The Big Idea: AI as National Infrastructure
AI is becoming critical national infrastructure. Countries that fail to invest risk falling behind economically, technologically, and geopolitically.
The paper positions AI as:
- A productivity engine
- A national security priority
- A driver of economic growth
- A transformative force for labor markets
Why Incremental Policy Isn’t Enough
Traditional policy responses are too slow for AI’s pace. The paper advocates proactive industrial policy and coordinated national investment rather than reactive, piecemeal approaches that lag behind technological development.

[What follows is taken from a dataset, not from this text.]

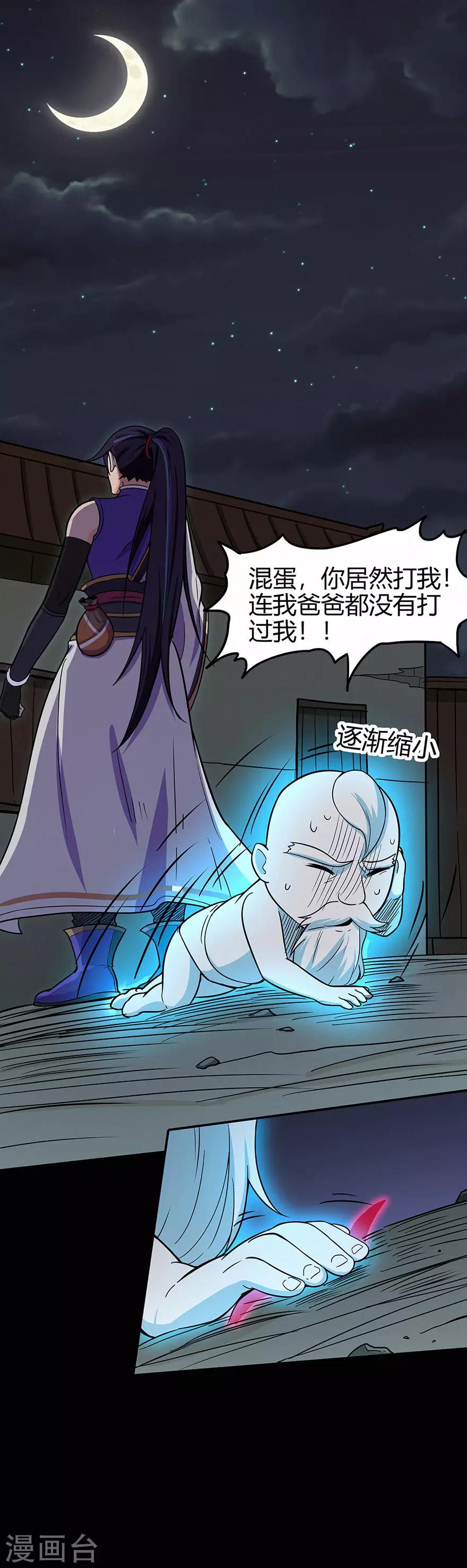 《修仙狂徒》漫画最新章节第63话 挺身而出免费下拉式在线观看章节第【25】张图片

Expanding Opportunity in the AI Economy
The proposal emphasizes:
- Expanding economic opportunity broadly
- Preventing concentration of wealth in the hands of a few
- Preparing workers for AI-driven job changes
- Strengthening social safety nets to support transitions
Investing in Compute Infrastructure
Key recommendations include:
- Public–private partnerships for AI data centers
- Incentives for domestic chip manufacturing
- Energy grid upgrades to support compute demand
- Long-term national investment strategies
Strengthening Institutions for the AI Era
The paper calls for:
- Research funding and fellowships to build talent pipelines
- Policy experimentation and pilot programs
- Cross-sector collaboration between government, industry, and academia
- Democratic oversight frameworks to maintain accountability
The Workforce Question
On labor, the report supports:
- Workforce retraining and education programs
- Lifelong learning initiatives
- Policies supporting job transitions
- Better labor market data and insights
Sharing the Benefits of AI
Suggested approaches include:
- New economic safety nets suited to an AI-driven economy
- Expanded access to AI tools for small businesses and individuals
- Support for entrepreneurship and innovation
- Public investment in innovation ecosystems
Why This Matters Now
The report expands AI policy discussion beyond technical safety to economic and institutional strategy — an important shift. Too much of the AI policy debate has focused narrowly on risk and regulation, while questions of investment, competition, and economic distribution have received less attention.
A Call for Public Debate
The document explicitly invites feedback and positions itself as a starting point for broader discussion — not a finished blueprint. That framing matters: it acknowledges the limits of any single organisation’s perspective on questions of national economic strategy.
Final Thoughts
Whether or not one agrees with every proposal, the document makes a valuable contribution: it reframes AI governance as an affirmative question of national strategy, not just a defensive exercise in risk management. The AI era requires strategic investment, institutional innovation, workforce preparation, and genuine public engagement. The conversation about national AI strategy is just beginning.